Image-caption web data
━━━━━━
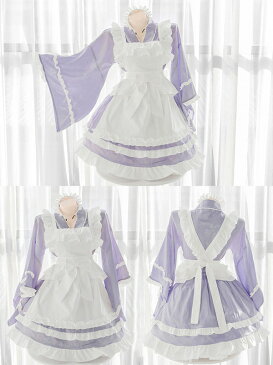 コスプレ セクシー かわいい 着物 メイド 巫女 メイド服 和風 和服 レディース 可愛いコスプレ 大人 女性 アニメ 衣装 仮装 コスチューム 紫 パープル ハロウィン Malymoon マリームーン【SEVENTY-THREE】【5991】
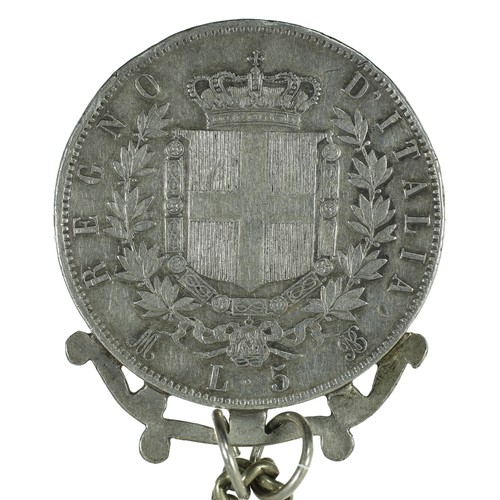 14 - Vittorio Emanuelle II Coin from 1869 on a White Metal Chain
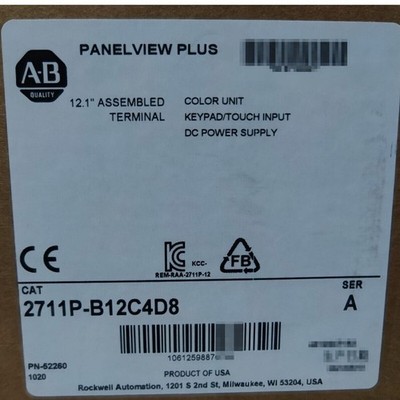 2711P-B12C4D8 AB PanelView Plus 1250 Keypad/Touch Color 12'' New Spot Goods！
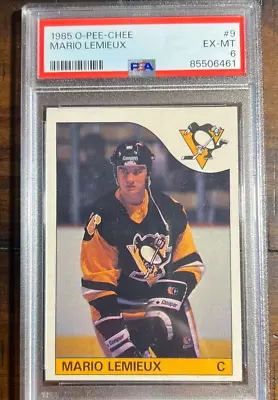 1985 O-Pee-Chee OPC Hockey #9 Mario Lemieux Penguins RC Rookie HOF PSA 6 SHARP • $395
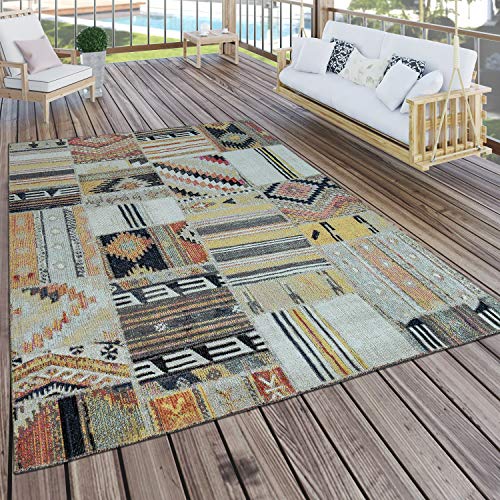 Paco Home In- & Outdoor Teppich Modern Ethno Muster Terrassen Teppich Bunt, Grösse:60x100 cm von Paco Home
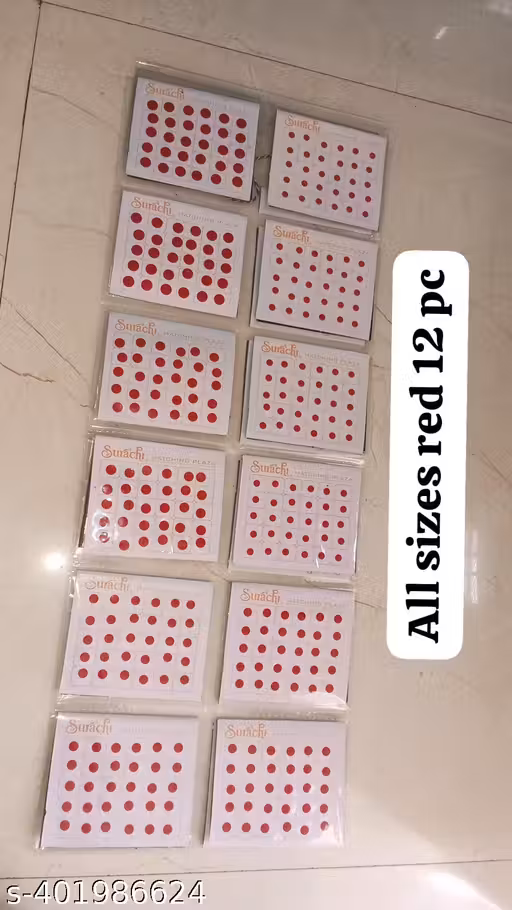 suruchi red bindi all size pack of 12 pcs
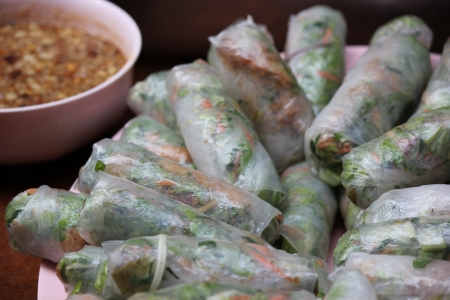 fresh spring rolls の写真素材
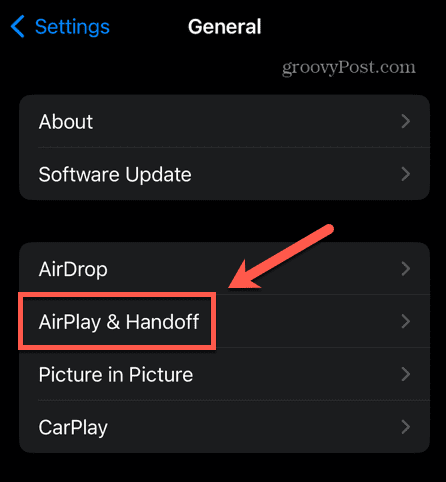 nastavení iphone airplay a handoff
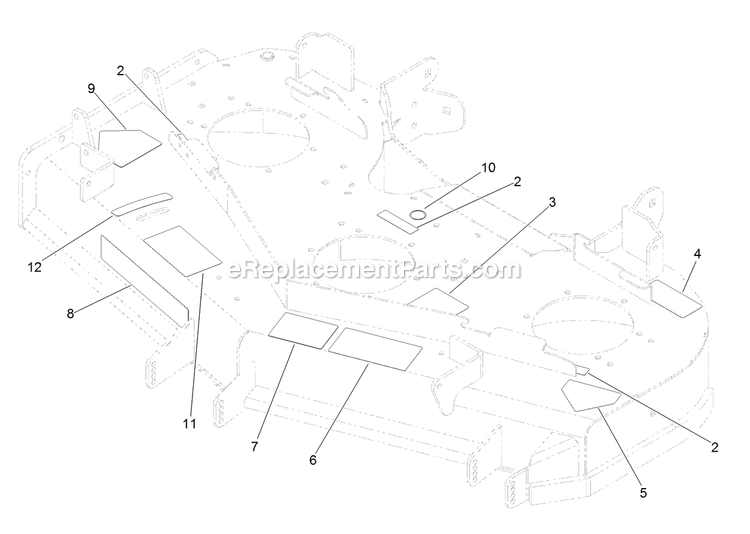 Toro 74901 (313000001-313999999)(2013) Z Master Professional 5000 , With 48in Turbo Force Side Discharge Mower Deck Decal Assembly Diagram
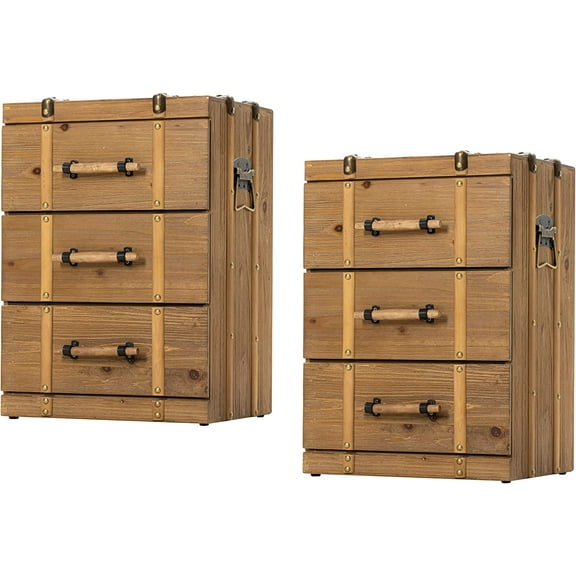 Set of 2 Vintage Mid Century Nightstand with 3-Drawer, Distressed Solid Wood End Table Side Table for Living Room, Bedroom, Fully Assembled, Retro Brown…
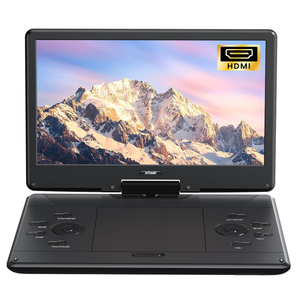 ieGeek 15.9" Portable DVD Player with 14.1" Swivel Screen, HDMI Input, 6Hour Rechargeable Battery, Region Free, USB/SD Playback, Ideal Gift for Seniors, Kids and Travel, Black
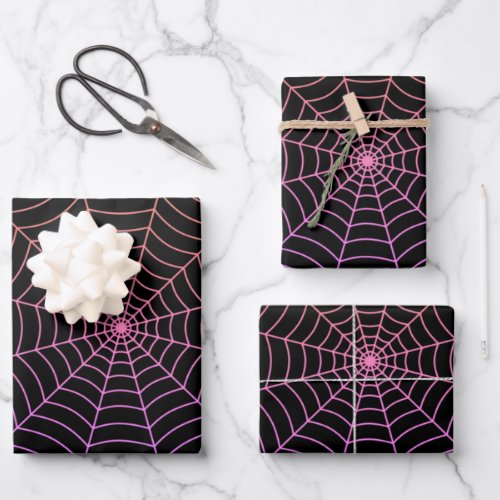 Spider web black purple orange Halloween pattern Wrapping Paper Sheets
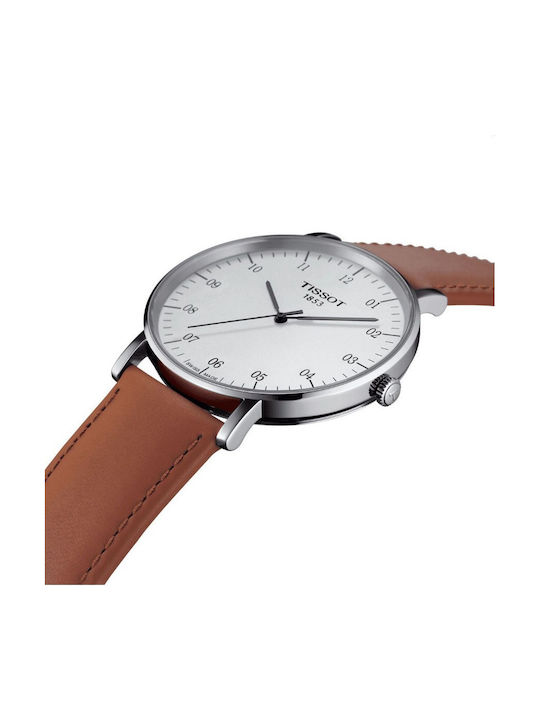 Tissot Everytime Часовник Батерия с Кафяв Кожена каишка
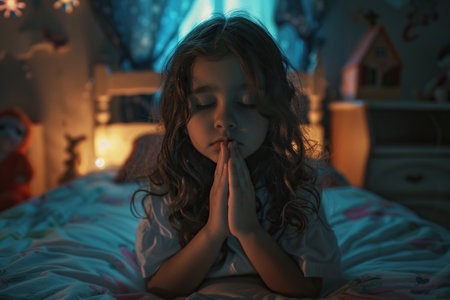 Latin American girl prays to god in dark children room. Cinematic effectの素材
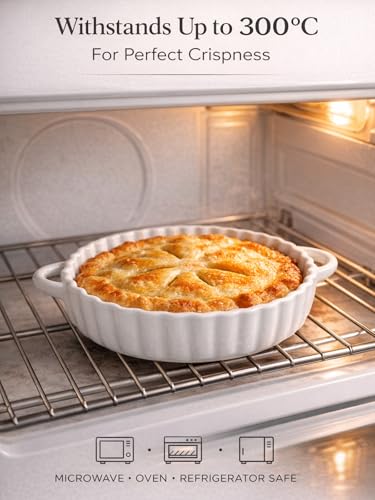 6in Ceramic Mini Pie Pan Set of 6 with Handles for Pie Quiche Tart. Easy to grip (White / 6IN*1.2IN)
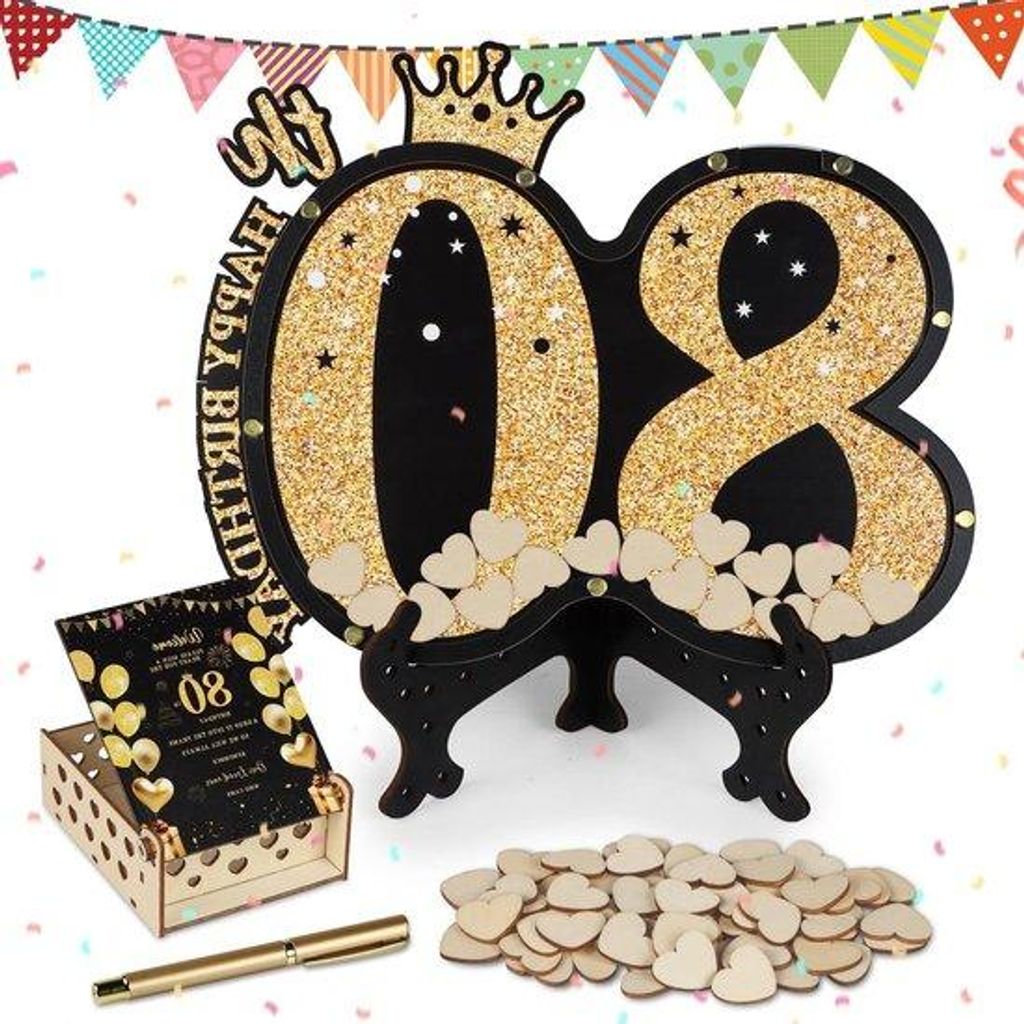 Holzgästebuch zum 80. Geburtstag, Geschenk, Erinnerungsbuch mit 75 Seiten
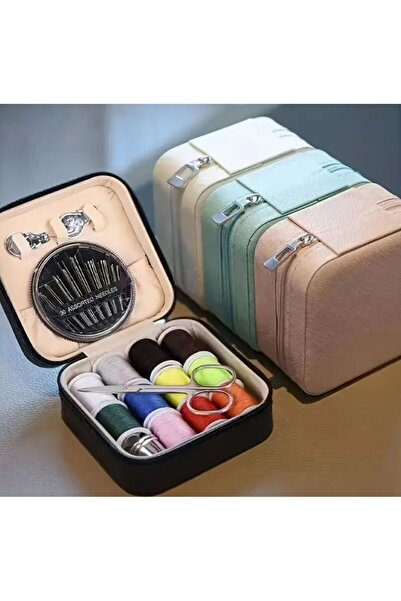iğne izi mini çantalı dikiş kutusu, taşınabilir dikiş seti, iğne seti, iplik seti, seyahat dikiş seti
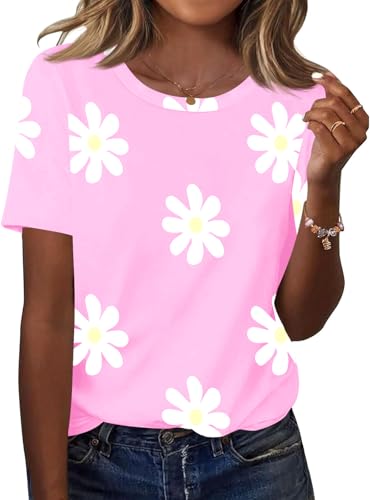 Women's Tops Summer Short Sleeve Crew Neck Shirts Dressy Casual Blouses for Women S-3XL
━━━━━━
### REQUIRED ACTION
Could you output exactly the lines above, from the line with "1985 O-Pee-Chee OPC" up to and including the line with "6in Ceramic Mini", and nothing else, skipping the pictures?

### WRITTEN SOLUTION
 1985 O-Pee-Chee OPC Hockey #9 Mario Lemieux Penguins RC Rookie HOF PSA 6 SHARP • $395
 Paco Home In- & Outdoor Teppich Modern Ethno Muster Terrassen Teppich Bunt, Grösse:60x100 cm von Paco Home
 suruchi red bindi all size pack of 12 pcs
 fresh spring rolls の写真素材
 nastavení iphone airplay a handoff
 Toro 74901 (313000001-313999999)(2013) Z Master Professional 5000 , With 48in Turbo Force Side Discharge Mower Deck Decal Assembly Diagram
 Set of 2 Vintage Mid Century Nightstand with 3-Drawer, Distressed Solid Wood End Table Side Table for Living Room, Bedroom, Fully Assembled, Retro Brown…
 ieGeek 15.9" Portable DVD Player with 14.1" Swivel Screen, HDMI Input, 6Hour Rechargeable Battery, Region Free, USB/SD Playback, Ideal Gift for Seniors, Kids and Travel, Black
 Spider web black purple orange Halloween pattern Wrapping Paper Sheets
 Tissot Everytime Часовник Батерия с Кафяв Кожена каишка
 Latin American girl prays to god in dark children room. Cinematic effectの素材
 6in Ceramic Mini Pie Pan Set of 6 with Handles for Pie Quiche Tart. Easy to grip (White / 6IN*1.2IN)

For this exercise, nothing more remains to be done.